WATERLOO - Brianna Evans used to love school.
That began changing when she arrived at Central Middle School and "they started giving us all this homework." A fight last fall followed by seven weeks at the Waterloo Educational and Behavioral Center further deepened the eighth-grader's academic troubles. But Evans is finally experiencing success after starting summer school last week.
She spends mornings at Hoover Middle School, working at her own pace to complete online lessons in math and reading. She goes through tutorials, practices the skills being taught and takes tests over the materials. And that old positive attitude about school is slowly returning.
Students are required to get at least 80 percent correct on the tests before moving on. Evans has been regularly exceeding that, especially in pre-algebra, which she had difficulties with during the past year.
"Every time I get 100 percent on my work, I feel good about it," said Evans.
She is among 35 struggling Waterloo Community Schools' students doing advance preparation for their freshman year with the summer classes. The district also is offering online summer school classes at East High, with 120 attendees, and West High, with 146 attendees. The programs run through July 2 at all three schools.
The software powering those lessons is made by Plato Learning, the same company supplying curriculum for performance-based diploma academies at East and West. A third academy will start this fall at Expo High School. East and West are drawing a mix of students for credit recovery, completing performance-based diploma classes and credit acceleration.
At Hoover, students currently are working toward mastery of "critical concepts" at the eighth-grade level, said summer school facilitator and West High teacher Traci Hahn.

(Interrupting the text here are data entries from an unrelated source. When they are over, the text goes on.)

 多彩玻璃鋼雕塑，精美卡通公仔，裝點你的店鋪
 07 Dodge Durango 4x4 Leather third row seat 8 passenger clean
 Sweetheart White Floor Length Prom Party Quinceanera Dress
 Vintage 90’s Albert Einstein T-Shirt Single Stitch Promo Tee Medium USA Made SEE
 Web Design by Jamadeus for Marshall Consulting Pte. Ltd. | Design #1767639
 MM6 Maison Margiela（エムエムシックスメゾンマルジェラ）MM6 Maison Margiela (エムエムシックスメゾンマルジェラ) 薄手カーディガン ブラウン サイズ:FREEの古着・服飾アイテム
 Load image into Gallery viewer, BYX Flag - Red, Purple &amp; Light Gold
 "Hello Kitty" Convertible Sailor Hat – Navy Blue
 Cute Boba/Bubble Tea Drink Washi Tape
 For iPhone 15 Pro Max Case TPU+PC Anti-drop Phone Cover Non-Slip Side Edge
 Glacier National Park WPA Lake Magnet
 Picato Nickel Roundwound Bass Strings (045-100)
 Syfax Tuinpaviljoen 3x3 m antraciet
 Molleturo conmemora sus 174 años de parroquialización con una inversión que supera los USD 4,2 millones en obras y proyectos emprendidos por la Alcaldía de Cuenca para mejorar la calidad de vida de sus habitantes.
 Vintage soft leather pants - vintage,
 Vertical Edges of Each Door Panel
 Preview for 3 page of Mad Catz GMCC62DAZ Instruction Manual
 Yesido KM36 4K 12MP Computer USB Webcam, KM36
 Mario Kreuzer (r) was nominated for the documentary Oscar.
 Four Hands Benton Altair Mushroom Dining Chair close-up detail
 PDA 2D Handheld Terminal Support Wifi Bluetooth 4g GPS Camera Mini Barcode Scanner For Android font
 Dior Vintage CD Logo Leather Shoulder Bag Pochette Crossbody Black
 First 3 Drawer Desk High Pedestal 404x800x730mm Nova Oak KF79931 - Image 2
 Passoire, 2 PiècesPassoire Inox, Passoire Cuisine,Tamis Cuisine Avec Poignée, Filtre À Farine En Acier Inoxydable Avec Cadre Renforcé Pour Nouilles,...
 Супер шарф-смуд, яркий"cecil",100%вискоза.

Gage Nardini said learning those concepts has turned out to be fun. He failed some classes at Bunger Middle School this past year and enrolled in the summer program to avoid repeating eighth grade next fall.
He expected to have to do "some really boring" work during summer school. But Nardini likes using the online tutorials because he can put in ear buds and hear the lesson narrated. The program also relies on graphics to teach concepts.
"It's, like, right there, you can see it," said Nardini, of the graphics in a lesson on using distributive properties to solve a pre-algebra problem. "And then it talks to you at the same time. Like, it shows you how to do it."
After students have achieved mastery on the eighth-grade lessons, they will be introduced to ninth-grade concepts. Sarah Stephan, one of four other teachers working with the students, said that is intended to "give them a start so when they get into high school they have more confidence." That may be critical for these students after failing classes, excessively skipping school or exhibiting behavior problems.
"I came here because I was the normal screw around, fall-asleep-in-class kid," said Conner Hofstadter, while at Bunger during the past year. "The first three quarters, I failed. The last quarter I passed, I believe."
He "dreaded" coming to summer school, but admits "it's not as bad as I pictured it would be" because of his ease around computers. "And the teachers are nicer. They care about what's going on in your life."
Hofstadter likes having teachers available for one-on-one help, working at his own pace and not taking school work home. And he is learning.
Evans also acknowledges the benefits of her summer school experience. "At first I didn't want to come, but now I see that it's really helping me," she said.
And that has convinced her of one important fact: That she will be ready to start ninth grade at West High School in the fall.